The Whitewashing of Rumi

Updated: Mar 12, 2021

By Palwasha A.

“I see a type of spiritual colonialism here: bypassing, erasing and occupying a spiritual landscape that has been lived…by Muslims from Bosnia and Istanbul to Konya and Iran to Central and South Asia” - Omid Safi


A few weeks ago, I came across a thread about Rumi by Persian Poetics on Twitter that confirmed something I’d long suspected; that the translation of his works had largely been sanitised in their distribution and consumption in the West. The post was being shared to reveal how much everything we know and admire has been twisted to fit the narrative of the world today, where we operate globally under colonial structures and make do with being the inferior non-white other. When reading the translations of Rumi for the first time, I noticed the omission of mentions of God and Islamic religious terminology, and categorised him in my head as subscribing to the vague notion of a religion of “love”, rather than Islam. But it was confusing, given his context, how a 13th century Persian Muslim poet could write such seemingly vague and untethered sentences. Recently I found out that what we know today as his most popular “translations” here in the West are actually paraphases of other people’s previous English translations, with careful and purposeful ommissions of Muslim terminology. 

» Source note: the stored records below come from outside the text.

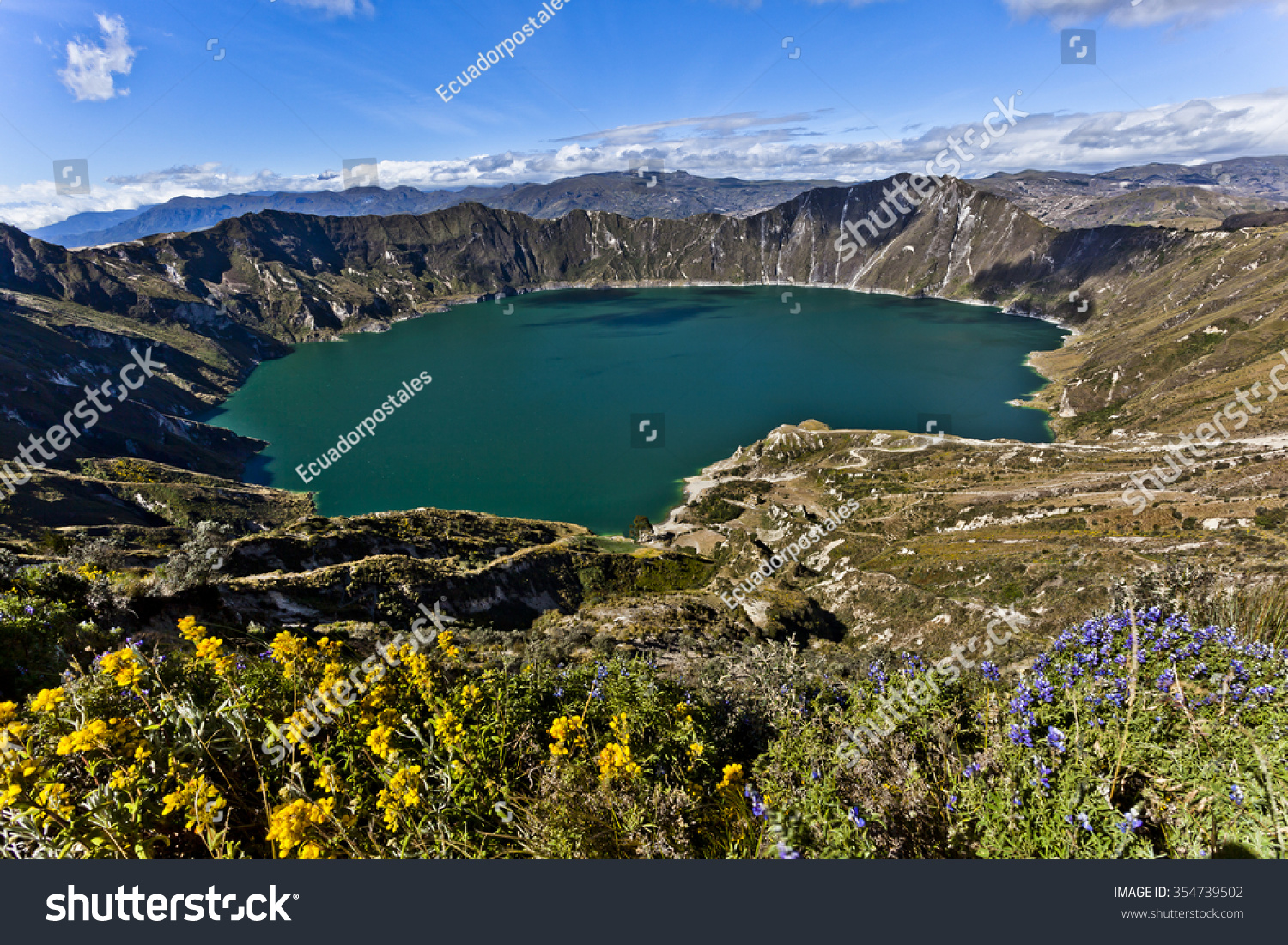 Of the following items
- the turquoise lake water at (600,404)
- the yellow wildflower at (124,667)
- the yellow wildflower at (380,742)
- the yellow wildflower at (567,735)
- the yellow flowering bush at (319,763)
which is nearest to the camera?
the yellow flowering bush at (319,763)

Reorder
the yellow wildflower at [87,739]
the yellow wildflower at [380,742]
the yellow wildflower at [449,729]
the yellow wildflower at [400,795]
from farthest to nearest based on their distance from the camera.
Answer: the yellow wildflower at [449,729]
the yellow wildflower at [380,742]
the yellow wildflower at [400,795]
the yellow wildflower at [87,739]

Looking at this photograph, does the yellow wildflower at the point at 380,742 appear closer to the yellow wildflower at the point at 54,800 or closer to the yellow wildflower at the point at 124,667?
the yellow wildflower at the point at 54,800

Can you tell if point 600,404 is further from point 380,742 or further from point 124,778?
point 124,778

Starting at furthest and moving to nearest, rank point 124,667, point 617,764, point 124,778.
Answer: point 124,667, point 617,764, point 124,778

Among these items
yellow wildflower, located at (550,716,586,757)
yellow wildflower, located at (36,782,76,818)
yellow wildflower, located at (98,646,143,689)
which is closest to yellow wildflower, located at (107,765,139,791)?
yellow wildflower, located at (36,782,76,818)

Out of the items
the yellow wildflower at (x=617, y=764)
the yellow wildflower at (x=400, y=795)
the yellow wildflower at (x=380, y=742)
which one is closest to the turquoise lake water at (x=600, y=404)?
the yellow wildflower at (x=617, y=764)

The person mostly responsible for Rumi’s celebrity-status in the West is a guy named Coleman Barks, who has produced over a dozen books of Rumi translations, the ones everyone has on their coffee table today. Here’s the insane catch. This guy doesn’t speak Farsi, has never studied Rumi or Islam and has actively removed Rumi from his very thirteenth century Muslim context on purpose, despite claiming to Rozina Ali, the writer of an excellent New Yorker article about Rumi’s whitewashing (linked here if you’d like to read) that he has no memory of whether or not he did it on purpose, even though he left in references to Jesus and Joseph because he was “raised Presbyterian”. 


Interestingly, Barks is not solely responsible for this. This kind of separation of mystical poetry from it’s Islamic roots dates back to the Victorian period, writes Rozina, by (white) academics wanting to create the illusion “that these people are mystical not because of Islam but in spite of it” she quotes from esteemed professor of Asian and Middle Eastern studies and Rumi enthusiast, Omid Safi. They refused to acknowledge or promote the fact that the works they so admired were created by devout “Moslems” (I always thought this spelling was to mock the way Americans pronounced Muslim, but in fact it was the predominant spelling of the time). 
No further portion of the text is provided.